Published September 9, 2011 12:20AM (EDT)

In September 1941, as the German Wehrmacht sped east toward Leningrad, Josef Stalin struck a blow against sentimentalism in warfare. His advisers told him that the Germans were putting Russian children and elderly at the front line and ordering them to beg the Red Army to surrender the city. Soviet troops recoiled from orders to fire on their most vulnerable countrymen, but Stalin would have none of it. "No sentimentality," he wrote in a memo to his generals. "Beat the Germans and their creatures, whoever they are. It makes no difference whether they are willing or unwilling enemies. Smash the enemy and his accomplices, sick or healthy, in the teeth."

Barnes & Noble ReviewDuring the same month Hitler expressed a similar disgust with the scruples of his own top brass. In June 1941 he had suddenly renounced the Nazi-Soviet Non-Aggression Pact and invaded the Soviet Union, opening the eastern and decisive front of World War Two. He intended to raze Leningrad and Moscow, expel or exterminate their occupants, and establish a vast settling ground for the German people. An officer protested that killing Leningrad's inhabitants outright would "let loose a worldwide storm of indignation, which we can't afford politically." Hitler unwittingly channeled Stalin by rejecting this "sentimentality." Permitting himself the liberty of the third person as he invoked the city's pre-revolutionary name, Hitler wrote, "The Führer is determined to erase the city of Petersburg from the face of the earth."

Anguished comparisons between the moral depravity of Hitler and Stalin abound, but Uncle Joe occasionally gets a pass when it comes to the Soviets' famous stand at Leningrad. That chapter in what Russians call the Great Patriotic War remains a solemn source of pride: 800,000 civilians alone starved to death during the 900-day siege, but the city held and the Germans were pushed back. Stalin and communism emerged stronger than ever.
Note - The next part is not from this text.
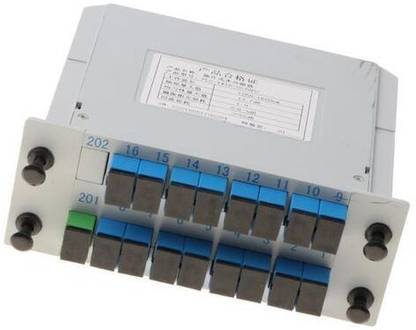RAMEX Fiber Optical Cable 1000 m 1x16 SC/UPC Cassette Card Inserting PLC Splitter Module 1:16 Ports Fiber Optical PLC Splitter for Home Wiring, Engineering Projects, Fiber Optic LAN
 In her devastating book "Leningrad," journalist Anna Reid admires the sacrifice and resilience of the Soviet people but challenges the myth -- popularized by Brezhnev and inflated by Putin -- of "selfless, disciplined heroes" who starved "nobly, in a sort of ecstatic trance." Assembling a pastiche of newly discovered siege diaries, Reid tells a story of Soviet incompetence and cruelty, and establishes that mass starvation is a nightmare wherever it occurs. While Hitler was unquestionably the aggressor and deserves the most blame, Reid demonstrates that "under a different sort of government the siege's civilian (and military) death tolls might have been far lower."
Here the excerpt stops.